The crash happens at datadotworld.config:FileConfig.__init__, at the line

os.makedirs(path.dirname(self._config_file_path))

The reason of this is that the single directory you can write at in AWS Lambda is /tmp. Note the environment variables (DW_AUTH_TOKEN, DW_CACHE_DIR, DW_TMP_DIR) were correctly (as can be seen from the following) configured in Lambda panel, and the two latter ones were pointed to /tmp/dw_cache/ and /tmp/dw_tmp/ directories, respectively.

Thus, we expect DW to look into environment variables but it still reaches out to the readonly filesystem. The mechanism of this is located at datadotworld._get_instance() function.

Manual solution is straightforward: we can use dw.DataDotWorld(config=dw.EnvConfig()).load_dataset(...) - that works perfectly.

However, ChainConfig seems to be built specifically for use cases like this, with the intention of automatically guessing what config to use without unwanted side effects from other configs.

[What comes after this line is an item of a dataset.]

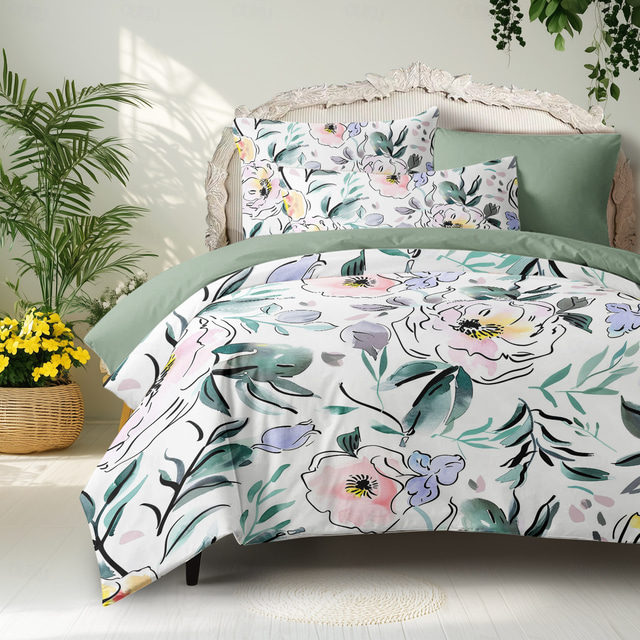  set copripiumino floreale viola set di piante tropicali in cotone set di biancheria da letto di lusso in 3 pezzi morbido perfetto per la festa della mamma regalo decorazioni per la casa regalo twin completo king size copripiumino queen size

Automatic Solution, step 1: FileConfig operations. This pull request moves over the FS-dependent code into a function of FileConfig and wraps self._config_parser into a lazy property. A test (however clumsy) is written. Proves to work with AWS Lambda, but not to the full extent. It crashes:

...
  File "/var/task/datadotworld/__init__.py", line 101, in load_dataset
    auto_update=auto_update)
  File "/var/task/datadotworld/datadotworld.py", line 152, in load_dataset
    dataset_key, cache_dir)
  File "/var/task/datadotworld/client/api.py", line 494, in download_datapackage
    shutil.move(unzipped_dir, dest_dir)
   ...
  File "/var/lang/lib/python3.7/os.py", line 221, in makedirs
    mkdir(name, mode)

Why?

Automatic Solution, step 2: Cache dir. Research shows that ChainConfig is looping through all configs in its chain and fetching the first one which returns a non-None value for the field it is in need right now. That's what happens for cache_dir, which is hardcoded in DefaultConfig to be path.expanduser('~/.dw/cache'). Since InlineConfig is the first element in the chain and directly derives this field from DefaultConfig, - ChainConfig never even asks EnvConfig for this field. Using the default config chain mechanism, we can never override cache_dir.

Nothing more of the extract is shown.